ABOUT THIS TASK =>
Transcribe the listing in full, word for word; pictures do not belong in the copy.

DATA SHOWN =>
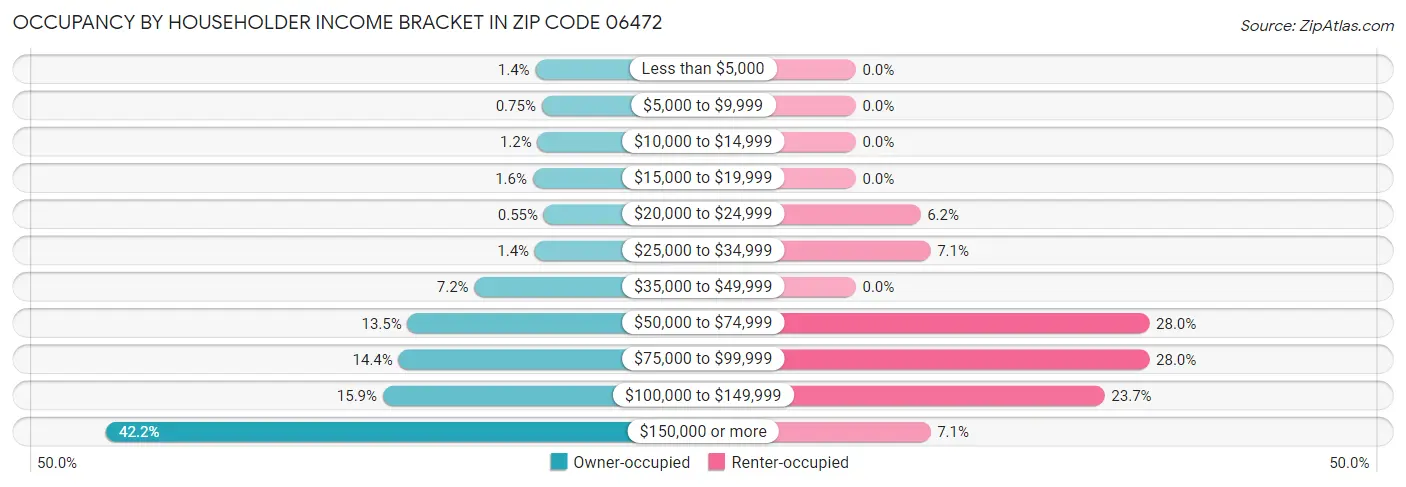 Occupancy by Householder Income Bracket in Zip Code 06472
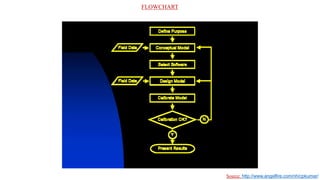 FLOWCHART
Source: http://www.angelfire.com/nh/cpkumar/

EXERCISE ANSWER =>
 Occupancy by Householder Income Bracket in Zip Code 06472
 FLOWCHART
Source: http://www.angelfire.com/nh/cpkumar/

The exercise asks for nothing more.